When you reach the line containing "صدر أمامي خلفي جديد" in the records below, start copying exactly, and stop once you have copied the line containing "Maison - 260 m² - 7 pièces".
+++++
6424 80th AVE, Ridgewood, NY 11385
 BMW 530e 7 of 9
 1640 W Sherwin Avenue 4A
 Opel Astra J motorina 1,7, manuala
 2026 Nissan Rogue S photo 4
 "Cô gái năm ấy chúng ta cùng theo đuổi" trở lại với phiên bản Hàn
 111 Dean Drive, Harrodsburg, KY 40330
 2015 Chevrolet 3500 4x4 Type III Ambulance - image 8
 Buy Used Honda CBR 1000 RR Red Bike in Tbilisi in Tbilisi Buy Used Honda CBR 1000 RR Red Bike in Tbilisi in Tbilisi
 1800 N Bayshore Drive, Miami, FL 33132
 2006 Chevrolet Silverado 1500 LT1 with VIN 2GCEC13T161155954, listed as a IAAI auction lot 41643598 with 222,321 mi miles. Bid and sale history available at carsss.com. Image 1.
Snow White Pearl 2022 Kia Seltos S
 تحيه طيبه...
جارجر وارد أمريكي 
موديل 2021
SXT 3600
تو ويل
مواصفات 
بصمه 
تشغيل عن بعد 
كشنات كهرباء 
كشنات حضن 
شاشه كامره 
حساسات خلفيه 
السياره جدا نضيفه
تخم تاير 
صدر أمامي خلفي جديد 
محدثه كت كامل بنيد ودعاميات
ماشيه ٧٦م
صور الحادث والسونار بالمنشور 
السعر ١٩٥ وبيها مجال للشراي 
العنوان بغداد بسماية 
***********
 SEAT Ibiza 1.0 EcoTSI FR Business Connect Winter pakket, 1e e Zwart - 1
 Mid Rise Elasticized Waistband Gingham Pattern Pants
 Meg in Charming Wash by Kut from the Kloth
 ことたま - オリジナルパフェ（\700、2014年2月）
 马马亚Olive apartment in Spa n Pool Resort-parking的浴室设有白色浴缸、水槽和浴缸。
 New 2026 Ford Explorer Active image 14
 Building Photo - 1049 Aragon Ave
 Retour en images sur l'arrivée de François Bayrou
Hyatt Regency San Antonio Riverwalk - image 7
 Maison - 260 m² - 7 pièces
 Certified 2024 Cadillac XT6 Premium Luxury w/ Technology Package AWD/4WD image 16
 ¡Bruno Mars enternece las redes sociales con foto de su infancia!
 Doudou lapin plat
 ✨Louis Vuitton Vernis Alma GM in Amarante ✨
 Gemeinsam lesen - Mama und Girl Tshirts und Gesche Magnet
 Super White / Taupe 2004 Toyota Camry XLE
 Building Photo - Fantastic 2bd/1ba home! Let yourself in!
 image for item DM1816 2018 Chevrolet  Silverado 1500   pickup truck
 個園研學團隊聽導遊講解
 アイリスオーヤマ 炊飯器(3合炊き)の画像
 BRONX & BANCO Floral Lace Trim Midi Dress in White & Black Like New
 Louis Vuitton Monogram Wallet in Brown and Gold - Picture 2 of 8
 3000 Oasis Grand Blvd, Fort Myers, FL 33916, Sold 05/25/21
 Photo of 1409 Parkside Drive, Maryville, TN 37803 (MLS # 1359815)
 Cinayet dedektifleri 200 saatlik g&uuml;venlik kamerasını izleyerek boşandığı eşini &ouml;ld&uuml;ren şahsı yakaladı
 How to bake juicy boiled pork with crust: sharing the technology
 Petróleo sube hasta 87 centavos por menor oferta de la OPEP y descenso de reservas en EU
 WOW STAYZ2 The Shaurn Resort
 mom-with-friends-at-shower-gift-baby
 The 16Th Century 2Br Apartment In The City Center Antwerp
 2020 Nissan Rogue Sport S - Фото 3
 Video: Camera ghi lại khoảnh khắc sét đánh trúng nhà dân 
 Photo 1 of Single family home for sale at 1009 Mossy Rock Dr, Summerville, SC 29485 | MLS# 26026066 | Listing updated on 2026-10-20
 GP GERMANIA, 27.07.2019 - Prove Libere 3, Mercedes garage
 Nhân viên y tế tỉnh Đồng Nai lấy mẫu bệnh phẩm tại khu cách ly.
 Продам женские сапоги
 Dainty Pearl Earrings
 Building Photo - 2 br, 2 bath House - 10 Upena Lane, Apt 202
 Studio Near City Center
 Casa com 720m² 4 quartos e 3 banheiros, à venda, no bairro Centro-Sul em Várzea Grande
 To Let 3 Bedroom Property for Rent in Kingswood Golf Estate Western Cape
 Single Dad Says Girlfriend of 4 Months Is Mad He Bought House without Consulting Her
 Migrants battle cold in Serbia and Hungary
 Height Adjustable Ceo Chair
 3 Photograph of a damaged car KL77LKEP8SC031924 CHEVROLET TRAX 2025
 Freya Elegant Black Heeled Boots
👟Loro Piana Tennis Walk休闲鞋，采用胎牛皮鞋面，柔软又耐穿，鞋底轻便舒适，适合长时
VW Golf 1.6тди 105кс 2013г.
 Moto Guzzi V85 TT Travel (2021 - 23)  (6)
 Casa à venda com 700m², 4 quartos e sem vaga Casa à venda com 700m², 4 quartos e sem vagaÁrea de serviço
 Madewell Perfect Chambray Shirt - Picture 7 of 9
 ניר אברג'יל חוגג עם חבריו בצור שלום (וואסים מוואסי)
+++++
» REPLY:
صدر أمامي خلفي جديد 
محدثه كت كامل بنيد ودعاميات
ماشيه ٧٦م
صور الحادث والسونار بالمنشور 
السعر ١٩٥ وبيها مجال للشراي 
العنوان بغداد بسماية 
***********
 SEAT Ibiza 1.0 EcoTSI FR Business Connect Winter pakket, 1e e Zwart - 1
 Mid Rise Elasticized Waistband Gingham Pattern Pants
 Meg in Charming Wash by Kut from the Kloth
 ことたま - オリジナルパフェ（\700、2014年2月）
 马马亚Olive apartment in Spa n Pool Resort-parking的浴室设有白色浴缸、水槽和浴缸。
 New 2026 Ford Explorer Active image 14
 Building Photo - 1049 Aragon Ave
 Retour en images sur l'arrivée de François Bayrou
Hyatt Regency San Antonio Riverwalk - image 7
 Maison - 260 m² - 7 pièces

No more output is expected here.